Risk & Relationships
I had a drink with a friend of mine at Soho House today.
It’s the office for those without one. People who travel the world and need a place to hang. And right now there are too many thirtysomething wannabes populating the establishment in L.A., but we first got together at the Soho House in New York City, I know he’s not using the club to get ahead, but because he needs a place to meet people like me. Because he seems to be in a different country every damn day.
Not that he wears expensive suits, not that he advertises it. As a matter of fact, I had no idea exactly what he did for a living, other than act as the consigliere for this Internet company.
Actually, his mother thinks he flies around the world fixing powerful people’s computers. But she’s illiterate.
Yes, born in a faraway land, she doesn’t know how to read or write. And despite his father working three jobs to send him and his two brothers to private school in a different country, where he worked as a manual laborer, my friend dropped out of school, it wasn’t for him, he lived on the streets, was homeless at times, even begged for food money.
But then his dad died and he had to buck up.
So he went into the cell phone business. Well, an angle thereof. He purchased used handsets in London and stayed up at night polishing them and flew once a week to Dublin to sell them on the street for double the price, in cash.
And when he saw Carphone Warehouse and the big boys come in, he jumped ship. That’s when you’ve got to go, when you’re riding the train and you see the robbers coming, get off.
And with all his accumulated cash, my friend doubled down in the domain name business and lost everything. Everything.
But then he got an idea. For an Internet business. Selling something online before anybody else did. He was Google’s first AdWords customer in the U.K. And the cash came fast and furious.
And he sold his company for $120 million.
Not that he got all of that, he only owned 90%.
That’s a lot of money! A hundred million dollars! Where do you keep it?
His brothers are in banking, people are looking after it.
And is my friend, in his mid-thirties, married? Does he have any of the accoutrements of the good life? No. It’s not about things, but experiences. And he hasn’t got time to own stuff, he’s moving too fast.
And he just brokered this big deal. You know about it. And he traced the connections that made it happen back in excess of a decade, when he was living in Shanghai, paying a tutor to teach him Mandarin for three hours a day.
Do you have this kind of dedication? Are you willing to take these kinds of risks?
If not, don’t be an entrepreneur.
And don’t invest with anybody who’s using daddy’s money. If he goes broke, he’s still got the lifestyle. If an entrepreneur like my buddy goes broke, he’s on the streets. He can’t tolerate failure, he’s got to work incessantly to make it. Of course, he’s going to lose a few times along the way, and coping with that is hell, but you get back on the horse and do it. Because you must.

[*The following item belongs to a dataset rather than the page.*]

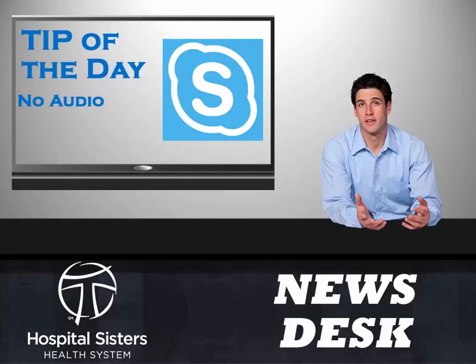From the Information Services News Desk, it's the Skype for Business tip of the day.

People have no idea how hard it is to make it, what sacrifices are involved. They think if they just get enough degrees, they’re set.

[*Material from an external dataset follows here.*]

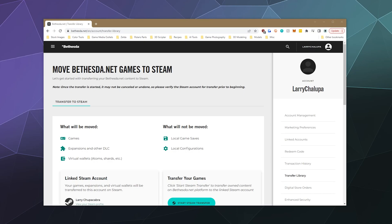and I'm here today to show you how to transfer your Bethesda games to Steam using Bethesda's built-in handy dandy transfer library tool that they've made available for the month of May so that you can keep all of your Bethesda games and your save files so that you can continue to play them after the Bethesda launcher shuts down soon.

But what do David Geffen, Irving Azoff and Jimmy Iovine have in common?
No college degree.
And you can put Barry Diller in that camp. As well as Jeffrey Katzenberg. Not that a college degree will doom you, but what you need to know to become incredibly rich and successful they don’t teach in school, it’s something innate, inside, something that cannot be taught but only learned through experience.
Furthermore, all these tech guys know each other. Instead of protecting what they own, they’re changing the world. You only see the two-dimensional version, the depiction in films and magazines. But they never capture the essence, the hunger, the drive, the charm…
They’re all charming in one way or another. You want to hang with them, they know everybody. Whether they’re to be trusted…well, not in the music business.
But if I were twentysomething today I can’t imagine going into the music business, where innovation is abhorred and old guys insist on running the fief. It’s the rights that hold everybody back. The fat cats have them and they’re ultra-choosy what they do with them.
And everybody’s cheap. Looking to get someone else to pay.
But these tech guys, they pay in cash, gladly. Because they see the big picture, an incredible upside. They can’t help themselves, that’s how they’re born.